◆ **Exercise aim**
All that is needed is an exact repetition of the lines from the one containing "Perfect Smiles Dental Studio" through the final line of the material, without pictures.

◆ **Given material**

★ ★ ★ ★ ★ ★ ★

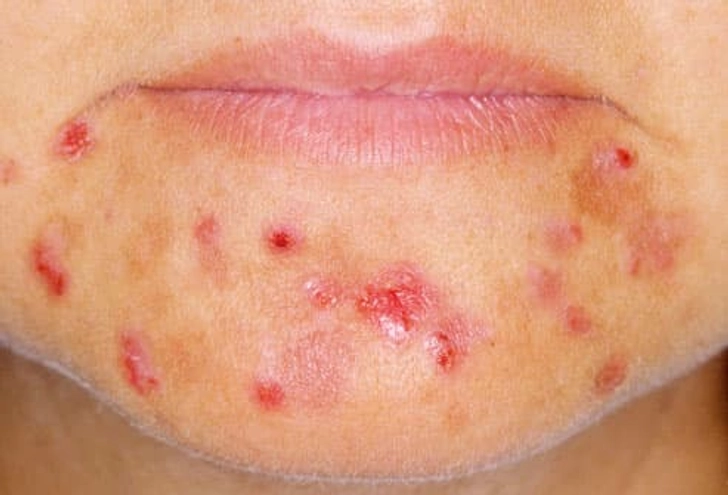 Hair Loss Trigger: PCOS Hair Loss Trigger: PCOS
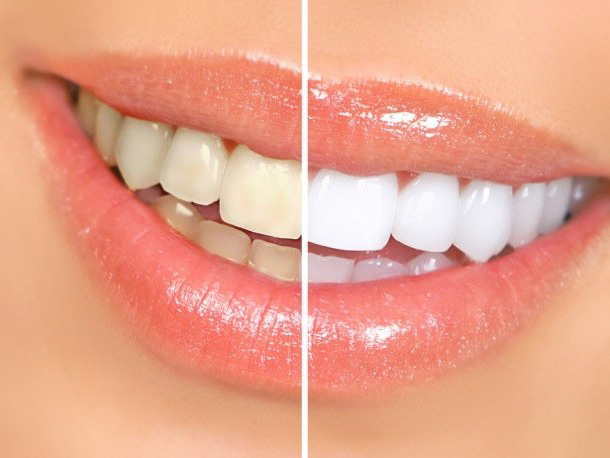 Perfect Smiles Dental Studio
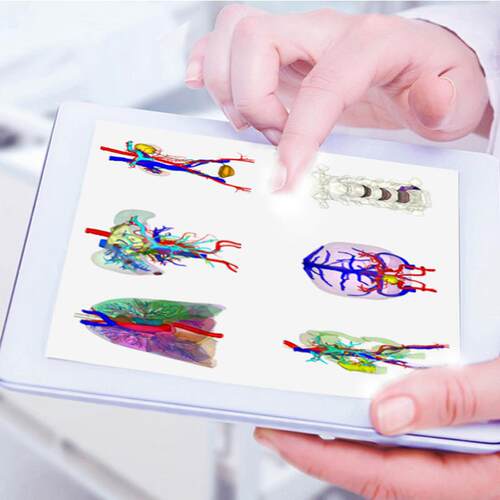 itk snap 3D Slicer NII CT医学影像 DCM STL roi 三维重建 标注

★ ★ ★ ★ ★ ★ ★

◆ **Answer for this exercise**
 Perfect Smiles Dental Studio
 itk snap 3D Slicer NII CT医学影像 DCM STL roi 三维重建 标注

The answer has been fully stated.